> _TASK REQUIREMENTS_
Print the listing again exactly, leaving nothing out.
* * * *
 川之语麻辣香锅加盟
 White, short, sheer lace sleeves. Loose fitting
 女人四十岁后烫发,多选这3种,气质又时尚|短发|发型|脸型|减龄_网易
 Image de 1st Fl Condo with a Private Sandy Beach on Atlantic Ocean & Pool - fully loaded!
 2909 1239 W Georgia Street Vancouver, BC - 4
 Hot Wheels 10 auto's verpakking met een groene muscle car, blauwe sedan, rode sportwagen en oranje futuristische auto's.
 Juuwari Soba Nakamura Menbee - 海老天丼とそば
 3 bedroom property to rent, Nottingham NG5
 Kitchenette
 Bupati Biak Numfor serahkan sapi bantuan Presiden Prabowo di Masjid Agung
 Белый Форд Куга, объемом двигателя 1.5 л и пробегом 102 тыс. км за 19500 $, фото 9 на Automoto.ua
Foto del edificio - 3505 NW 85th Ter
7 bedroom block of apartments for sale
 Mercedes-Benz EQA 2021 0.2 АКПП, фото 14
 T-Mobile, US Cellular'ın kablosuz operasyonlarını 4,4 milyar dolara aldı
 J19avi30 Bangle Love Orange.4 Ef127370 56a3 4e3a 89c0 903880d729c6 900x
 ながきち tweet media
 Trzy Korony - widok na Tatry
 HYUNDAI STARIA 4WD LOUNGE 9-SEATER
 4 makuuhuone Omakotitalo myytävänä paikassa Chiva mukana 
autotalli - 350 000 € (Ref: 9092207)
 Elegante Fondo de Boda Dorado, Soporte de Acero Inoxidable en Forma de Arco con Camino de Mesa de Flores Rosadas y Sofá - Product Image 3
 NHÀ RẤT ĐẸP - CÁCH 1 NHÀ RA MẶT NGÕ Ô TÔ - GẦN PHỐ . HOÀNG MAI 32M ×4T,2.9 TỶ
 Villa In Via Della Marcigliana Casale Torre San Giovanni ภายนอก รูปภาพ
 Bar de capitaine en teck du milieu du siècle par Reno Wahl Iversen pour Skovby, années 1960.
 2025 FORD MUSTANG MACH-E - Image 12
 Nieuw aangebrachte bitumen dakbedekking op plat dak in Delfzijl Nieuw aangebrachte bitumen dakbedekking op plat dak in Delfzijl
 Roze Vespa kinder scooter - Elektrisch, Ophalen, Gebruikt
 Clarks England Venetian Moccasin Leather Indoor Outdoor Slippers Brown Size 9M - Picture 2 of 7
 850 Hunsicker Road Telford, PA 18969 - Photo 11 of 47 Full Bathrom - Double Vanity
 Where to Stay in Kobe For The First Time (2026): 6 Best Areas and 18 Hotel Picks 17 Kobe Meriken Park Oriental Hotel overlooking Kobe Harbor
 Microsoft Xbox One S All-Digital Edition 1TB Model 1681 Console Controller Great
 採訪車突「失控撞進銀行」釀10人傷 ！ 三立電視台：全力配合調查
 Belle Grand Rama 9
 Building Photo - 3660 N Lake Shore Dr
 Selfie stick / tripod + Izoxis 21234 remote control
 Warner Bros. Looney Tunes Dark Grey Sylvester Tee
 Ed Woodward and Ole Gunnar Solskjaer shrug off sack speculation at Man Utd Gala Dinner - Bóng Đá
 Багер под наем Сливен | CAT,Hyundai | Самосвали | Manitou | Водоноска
* * * *
> _EXERCISE OUTPUT_
 川之语麻辣香锅加盟
 White, short, sheer lace sleeves. Loose fitting
 女人四十岁后烫发,多选这3种,气质又时尚|短发|发型|脸型|减龄_网易
 Image de 1st Fl Condo with a Private Sandy Beach on Atlantic Ocean & Pool - fully loaded!
 2909 1239 W Georgia Street Vancouver, BC - 4
 Hot Wheels 10 auto's verpakking met een groene muscle car, blauwe sedan, rode sportwagen en oranje futuristische auto's.
 Juuwari Soba Nakamura Menbee - 海老天丼とそば
 3 bedroom property to rent, Nottingham NG5
 Kitchenette
 Bupati Biak Numfor serahkan sapi bantuan Presiden Prabowo di Masjid Agung
 Белый Форд Куга, объемом двигателя 1.5 л и пробегом 102 тыс. км за 19500 $, фото 9 на Automoto.ua
Foto del edificio - 3505 NW 85th Ter
7 bedroom block of apartments for sale
 Mercedes-Benz EQA 2021 0.2 АКПП, фото 14
 T-Mobile, US Cellular'ın kablosuz operasyonlarını 4,4 milyar dolara aldı
 J19avi30 Bangle Love Orange.4 Ef127370 56a3 4e3a 89c0 903880d729c6 900x
 ながきち tweet media
 Trzy Korony - widok na Tatry
 HYUNDAI STARIA 4WD LOUNGE 9-SEATER
 4 makuuhuone Omakotitalo myytävänä paikassa Chiva mukana 
autotalli - 350 000 € (Ref: 9092207)
 Elegante Fondo de Boda Dorado, Soporte de Acero Inoxidable en Forma de Arco con Camino de Mesa de Flores Rosadas y Sofá - Product Image 3
 NHÀ RẤT ĐẸP - CÁCH 1 NHÀ RA MẶT NGÕ Ô TÔ - GẦN PHỐ . HOÀNG MAI 32M ×4T,2.9 TỶ
 Villa In Via Della Marcigliana Casale Torre San Giovanni ภายนอก รูปภาพ
 Bar de capitaine en teck du milieu du siècle par Reno Wahl Iversen pour Skovby, années 1960.
 2025 FORD MUSTANG MACH-E - Image 12
 Nieuw aangebrachte bitumen dakbedekking op plat dak in Delfzijl Nieuw aangebrachte bitumen dakbedekking op plat dak in Delfzijl
 Roze Vespa kinder scooter - Elektrisch, Ophalen, Gebruikt
 Clarks England Venetian Moccasin Leather Indoor Outdoor Slippers Brown Size 9M - Picture 2 of 7
 850 Hunsicker Road Telford, PA 18969 - Photo 11 of 47 Full Bathrom - Double Vanity
 Where to Stay in Kobe For The First Time (2026): 6 Best Areas and 18 Hotel Picks 17 Kobe Meriken Park Oriental Hotel overlooking Kobe Harbor
 Microsoft Xbox One S All-Digital Edition 1TB Model 1681 Console Controller Great
 採訪車突「失控撞進銀行」釀10人傷 ！ 三立電視台：全力配合調查
 Belle Grand Rama 9
 Building Photo - 3660 N Lake Shore Dr
 Selfie stick / tripod + Izoxis 21234 remote control
 Warner Bros. Looney Tunes Dark Grey Sylvester Tee
 Ed Woodward and Ole Gunnar Solskjaer shrug off sack speculation at Man Utd Gala Dinner - Bóng Đá
 Багер под наем Сливен | CAT,Hyundai | Самосвали | Manitou | Водоноска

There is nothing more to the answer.